In March 2010, jobs began to grow. There was another dip, but jobs have been created for 22 months now. Still, that growth is too modest to put a dent in the unemployment number.

Jobs are the issue likely to decide the race for the White House, and Governor Mitt Romney wasted no time attacking his incumbent opponent on the slow recovery.

Romney came to Nevada, a state with one of worst unemployment rates in the country -- 12.1 percent -- and blasted President Obama for Friday's job numbers.

"It's another hammer blow to the struggling middle-class families of America," Romney told a crowd at a rally.

The former Massachusetts governor laid out a broad five-point plan to fix the economy and help the middle class through energy independence, a balanced budget, by strengthening trade, education and small businesses.

"That will create more jobs and more take-home pay, and I know how to do that," Romney said.

As Romney spoke, down the road unemployed Nevadans lined up at the Professional Institute of Technology for help with resumes and interview skills.

Sixty-four-year-old Vietnam Vet Jim Hagen lost his casino job when tourism, like housing here, plummeted in 2007. He's applied for hundreds of jobs. So far -- nothing.

"It is frustrating," Hagen said.

As for the election, the veteran isn't thrilled about either candidate. Hagen said he is disillusioned with President Obama and uncertain about Gov. Romney.

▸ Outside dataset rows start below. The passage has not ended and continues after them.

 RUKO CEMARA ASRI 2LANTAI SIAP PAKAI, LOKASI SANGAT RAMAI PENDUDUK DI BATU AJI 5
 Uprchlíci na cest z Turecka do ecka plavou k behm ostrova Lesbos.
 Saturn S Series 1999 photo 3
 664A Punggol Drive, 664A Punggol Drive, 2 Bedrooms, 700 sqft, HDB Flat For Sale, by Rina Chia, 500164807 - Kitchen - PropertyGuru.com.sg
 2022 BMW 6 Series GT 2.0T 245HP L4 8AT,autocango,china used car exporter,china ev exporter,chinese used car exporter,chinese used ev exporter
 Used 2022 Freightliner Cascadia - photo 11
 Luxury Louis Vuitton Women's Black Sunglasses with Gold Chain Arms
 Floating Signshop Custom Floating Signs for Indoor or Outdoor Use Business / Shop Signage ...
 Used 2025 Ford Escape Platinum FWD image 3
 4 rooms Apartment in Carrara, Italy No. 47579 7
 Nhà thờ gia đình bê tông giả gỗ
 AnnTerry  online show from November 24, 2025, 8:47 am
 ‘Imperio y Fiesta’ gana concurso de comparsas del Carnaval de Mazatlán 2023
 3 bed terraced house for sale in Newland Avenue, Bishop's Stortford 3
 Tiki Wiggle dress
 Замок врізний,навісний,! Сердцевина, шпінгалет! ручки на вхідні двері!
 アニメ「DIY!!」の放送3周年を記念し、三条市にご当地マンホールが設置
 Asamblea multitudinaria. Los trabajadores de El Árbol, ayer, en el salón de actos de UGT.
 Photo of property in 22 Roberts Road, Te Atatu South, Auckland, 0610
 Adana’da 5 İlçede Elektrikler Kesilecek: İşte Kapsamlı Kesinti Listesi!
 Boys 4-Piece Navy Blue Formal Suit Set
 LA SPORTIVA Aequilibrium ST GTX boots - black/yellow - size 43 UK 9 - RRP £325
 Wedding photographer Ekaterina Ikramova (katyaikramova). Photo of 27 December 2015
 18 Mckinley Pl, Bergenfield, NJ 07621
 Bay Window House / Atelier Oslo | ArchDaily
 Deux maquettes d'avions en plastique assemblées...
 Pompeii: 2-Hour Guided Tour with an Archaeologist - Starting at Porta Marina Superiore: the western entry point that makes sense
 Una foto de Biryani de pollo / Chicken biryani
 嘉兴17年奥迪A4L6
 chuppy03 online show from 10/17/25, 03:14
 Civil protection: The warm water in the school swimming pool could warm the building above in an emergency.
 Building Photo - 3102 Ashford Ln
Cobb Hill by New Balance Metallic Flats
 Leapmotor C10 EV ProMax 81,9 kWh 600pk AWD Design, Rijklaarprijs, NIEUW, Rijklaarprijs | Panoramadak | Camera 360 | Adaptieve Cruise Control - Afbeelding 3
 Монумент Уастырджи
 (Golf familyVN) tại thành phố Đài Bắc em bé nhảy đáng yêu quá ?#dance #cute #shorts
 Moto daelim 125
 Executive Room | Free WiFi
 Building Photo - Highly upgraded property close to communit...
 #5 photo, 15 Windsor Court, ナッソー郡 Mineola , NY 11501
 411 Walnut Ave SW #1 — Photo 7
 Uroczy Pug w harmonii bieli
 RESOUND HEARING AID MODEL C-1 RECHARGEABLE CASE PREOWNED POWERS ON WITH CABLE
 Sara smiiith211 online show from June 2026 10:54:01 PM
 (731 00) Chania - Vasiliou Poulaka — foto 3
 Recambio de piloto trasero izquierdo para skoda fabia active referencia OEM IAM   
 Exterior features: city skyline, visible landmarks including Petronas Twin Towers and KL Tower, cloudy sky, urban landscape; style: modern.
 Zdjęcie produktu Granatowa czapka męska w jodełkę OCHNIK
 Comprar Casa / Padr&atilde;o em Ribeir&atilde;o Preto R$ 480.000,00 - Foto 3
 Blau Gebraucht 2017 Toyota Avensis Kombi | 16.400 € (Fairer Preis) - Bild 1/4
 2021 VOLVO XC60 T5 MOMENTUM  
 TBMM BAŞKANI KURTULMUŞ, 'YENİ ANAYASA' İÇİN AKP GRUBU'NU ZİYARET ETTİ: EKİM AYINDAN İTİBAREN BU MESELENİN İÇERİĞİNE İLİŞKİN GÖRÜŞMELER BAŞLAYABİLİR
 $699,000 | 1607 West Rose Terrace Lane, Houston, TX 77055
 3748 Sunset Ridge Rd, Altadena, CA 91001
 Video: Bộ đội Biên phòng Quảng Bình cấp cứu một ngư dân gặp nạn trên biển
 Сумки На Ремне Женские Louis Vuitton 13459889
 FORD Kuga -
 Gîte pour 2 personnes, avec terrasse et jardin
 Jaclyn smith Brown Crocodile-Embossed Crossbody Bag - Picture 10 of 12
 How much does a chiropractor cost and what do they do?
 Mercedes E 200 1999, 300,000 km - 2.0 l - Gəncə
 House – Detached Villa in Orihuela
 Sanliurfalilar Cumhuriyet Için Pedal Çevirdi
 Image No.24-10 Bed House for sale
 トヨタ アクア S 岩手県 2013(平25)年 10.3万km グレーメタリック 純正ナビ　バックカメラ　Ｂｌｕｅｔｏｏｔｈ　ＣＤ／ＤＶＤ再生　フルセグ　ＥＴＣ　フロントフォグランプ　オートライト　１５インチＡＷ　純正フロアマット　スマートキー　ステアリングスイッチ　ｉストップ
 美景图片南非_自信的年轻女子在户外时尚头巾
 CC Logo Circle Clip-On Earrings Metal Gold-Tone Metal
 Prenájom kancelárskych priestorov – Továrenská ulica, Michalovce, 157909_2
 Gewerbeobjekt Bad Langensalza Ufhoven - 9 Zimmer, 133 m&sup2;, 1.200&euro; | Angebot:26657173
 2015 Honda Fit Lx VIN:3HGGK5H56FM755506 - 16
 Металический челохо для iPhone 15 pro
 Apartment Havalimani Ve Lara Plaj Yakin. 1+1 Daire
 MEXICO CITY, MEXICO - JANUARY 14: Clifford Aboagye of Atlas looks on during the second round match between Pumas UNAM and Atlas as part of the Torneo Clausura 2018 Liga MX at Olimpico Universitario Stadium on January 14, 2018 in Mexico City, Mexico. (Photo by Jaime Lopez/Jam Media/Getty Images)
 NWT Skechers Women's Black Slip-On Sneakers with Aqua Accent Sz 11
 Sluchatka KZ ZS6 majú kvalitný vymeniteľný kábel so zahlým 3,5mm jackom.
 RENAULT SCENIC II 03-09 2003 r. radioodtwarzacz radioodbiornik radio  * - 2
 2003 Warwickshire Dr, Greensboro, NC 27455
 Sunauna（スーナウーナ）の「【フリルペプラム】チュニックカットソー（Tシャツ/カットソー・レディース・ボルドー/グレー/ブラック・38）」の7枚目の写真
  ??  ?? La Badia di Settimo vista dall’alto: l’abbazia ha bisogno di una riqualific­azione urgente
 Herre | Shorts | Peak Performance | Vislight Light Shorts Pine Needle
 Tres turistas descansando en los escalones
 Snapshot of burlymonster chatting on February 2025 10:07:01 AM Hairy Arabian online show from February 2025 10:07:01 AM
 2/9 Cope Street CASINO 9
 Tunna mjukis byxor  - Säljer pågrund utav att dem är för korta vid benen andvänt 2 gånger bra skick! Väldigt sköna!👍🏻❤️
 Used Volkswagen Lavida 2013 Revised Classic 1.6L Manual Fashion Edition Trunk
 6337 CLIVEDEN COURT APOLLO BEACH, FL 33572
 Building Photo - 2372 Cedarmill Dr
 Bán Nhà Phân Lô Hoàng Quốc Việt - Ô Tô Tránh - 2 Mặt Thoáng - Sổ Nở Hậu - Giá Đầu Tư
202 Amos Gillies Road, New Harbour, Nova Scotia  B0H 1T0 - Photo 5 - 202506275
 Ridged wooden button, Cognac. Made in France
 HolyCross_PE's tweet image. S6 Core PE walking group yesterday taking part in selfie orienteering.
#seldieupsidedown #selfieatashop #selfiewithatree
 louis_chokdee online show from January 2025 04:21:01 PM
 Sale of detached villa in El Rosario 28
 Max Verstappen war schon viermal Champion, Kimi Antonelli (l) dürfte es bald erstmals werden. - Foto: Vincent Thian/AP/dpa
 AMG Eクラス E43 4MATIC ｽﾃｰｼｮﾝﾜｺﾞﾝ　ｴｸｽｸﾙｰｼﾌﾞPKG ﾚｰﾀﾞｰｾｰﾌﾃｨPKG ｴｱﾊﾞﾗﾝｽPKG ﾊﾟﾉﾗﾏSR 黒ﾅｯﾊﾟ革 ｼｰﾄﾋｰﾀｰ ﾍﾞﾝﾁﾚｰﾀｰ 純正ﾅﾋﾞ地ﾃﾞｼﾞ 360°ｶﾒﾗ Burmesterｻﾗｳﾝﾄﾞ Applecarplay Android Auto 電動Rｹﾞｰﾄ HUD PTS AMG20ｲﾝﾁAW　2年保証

"He just seems like a corporate person who was very successful running a corporation, but this is America," Hagan said. "I don't want to not vote, but it's hard to make up my mind which one I'm going to vote for."

John Wright talks to CBS News in Las Vegas on August 3, 2012.
John Wright talks to CBS News in Las Vegas on August 3, 2012. CBS News

John Wright lost his job managing a call center one-and-a-half year ago. He favors Mr. Obama, but hates the tone in Washington.

"They don't come together to help people looking for employment," Wright said. "I'd want them to just reach across the aisle and shake hands and say 'look, America just needs some help. People have elected us to help and we need to just stop the bickering and go to work and help people out."

Romney brought his optimistic message to this depressed city where developments sit unfinished. Hagen, the unemployed Vietnam vet, told CBS News that it all sounds like so much campaign talk to him.